Finding the right agency for company-specific requirements is not easy. Besides specific knowledge, references, the reputation of the company or the trainer himself, there are many factors that distinguish a good training from an outstanding one.

Especially in the field of sales training, experience is a big factor. Not only does this experience allow for a comprehensive understanding of complex processes, but it also allows the trainer to answer explicit intermediate questions during the sales training itself. A great understanding of the subject matter as well as the industry is therefore a big factor in choosing the right agency for sales training.

We are not the perfect agency for every company either. We specialise in start-ups or young companies that are at the point of scaling. And even though this word has been very overused by many marketers, it describes this accurately. Such companies often need proven, working and novel processes under state-of-the-art technical implementation. This is exactly the reason why we have chosen this industry. It is exciting, remains exciting and there are constantly innovations on the market that you can use for yourself. It doesn’t matter whether we are talking about young healthcare companies or SaaS start-ups. We create processes, implement features and technology and conduct training.

This includes sales training, where we combine new and proven methods to prepare companies for the market in the best possible way.

What is sales training and why is it important?

In a sales training, we pick up all participants at their point of view and convey precise application skills necessary for the company, a department or individual employees as well as industry-relevant knowledge. In addition, we actively show how to work with different tools (digital & analogue) in order to be able to work out the previously discussed results.

Through such precisely tailored learning, a lot of knowledge and skills can be built up within a very short time.

In general, there are two types of sales training:

  • Sales Methodology Training
  • Sales training

In the sales methodology training, salespeople are taught different sales approaches for each phase of the company-specific sales process from A-Z. Depending on the level of knowledge, a different start or a corresponding deepening can be scheduled.

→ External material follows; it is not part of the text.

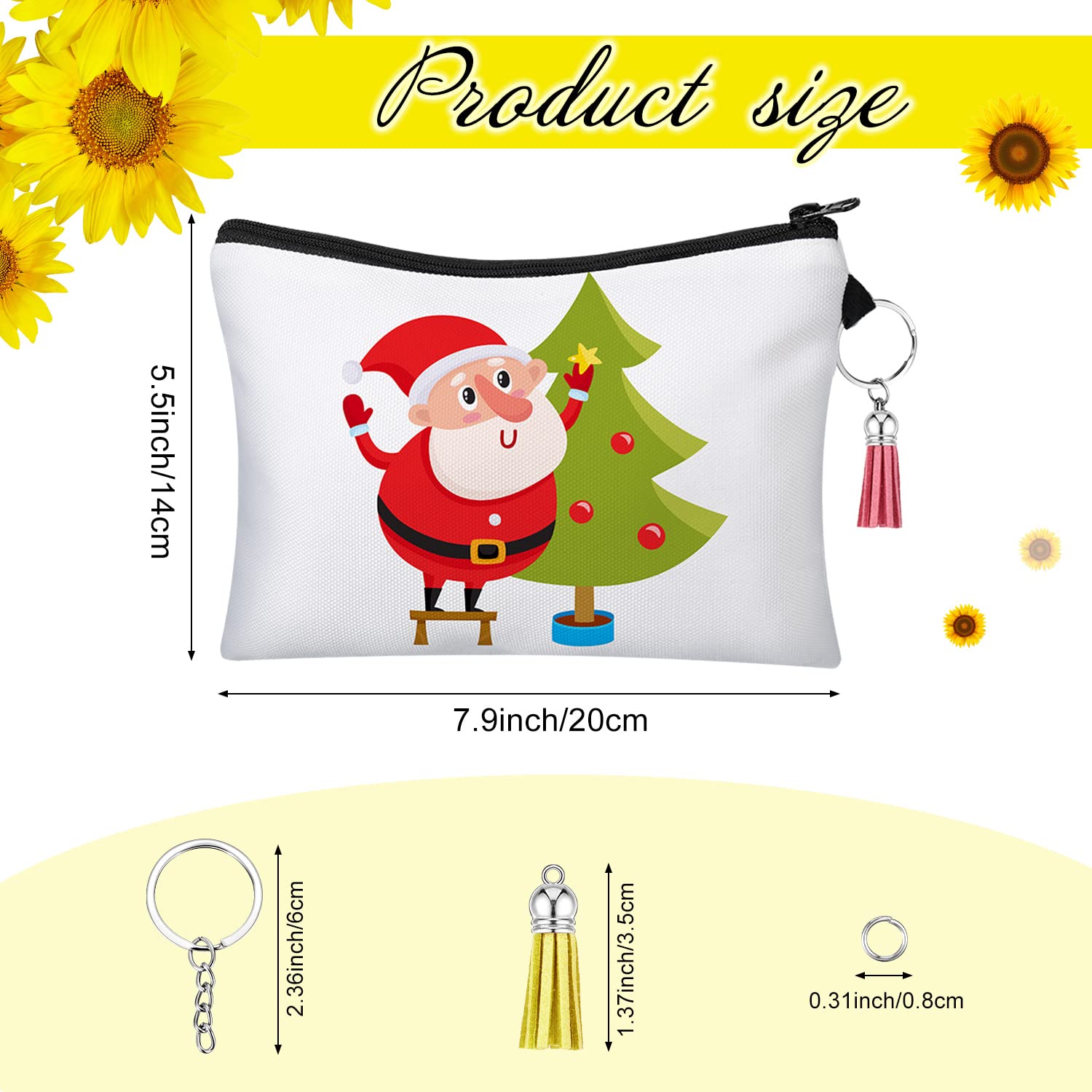 8-Piece DIY Sublimation Cosmetic Bags Set with Zipper - Heat Transfer Makeup Pouch, Keychains & Tassels for Crafts, Back to School Gifts | Perfect for Personalization, DIY Projects & Party Favors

Sales training is about developing and refining existing sales skills. Here we show special techniques to be able to complete any steps in the individual sales process. And to lead customers to sales in the long term.

Such a sales training makes a huge difference after a very short time with teams that are willing to learn. While in active sales or in daily life untrained salespeople have to rely on trial-and-error and rely on inner intuition, they can be guided in the right direction by explicit ways.

Why is this important?

Trial-and-error is good in principle. You learn a lot. Unfortunately, in sales, every client is a little different. As a rule, each (potential) customer has different wishes, demands, backgrounds and use cases. Even if it’s always the same product, the same service, app, etc.

Usually, salespeople cannot repetitively refine their skills on the same mindset. You constantly meet a new person who selects according to different criteria. Therefore, you have to think (learn) very flexibly. Basic principles are just as important as company- or product-specific actions, thinking and speaking.

It is important to get the best possible result from every contact. Especially in sales. Because even if the market usually seems huge, a bad or insufficient touchpoint is what is remembered by the customer.

Such training can therefore help to build up basic skills, improve the wording, improve the possible approach immensely and sharpen the intuition.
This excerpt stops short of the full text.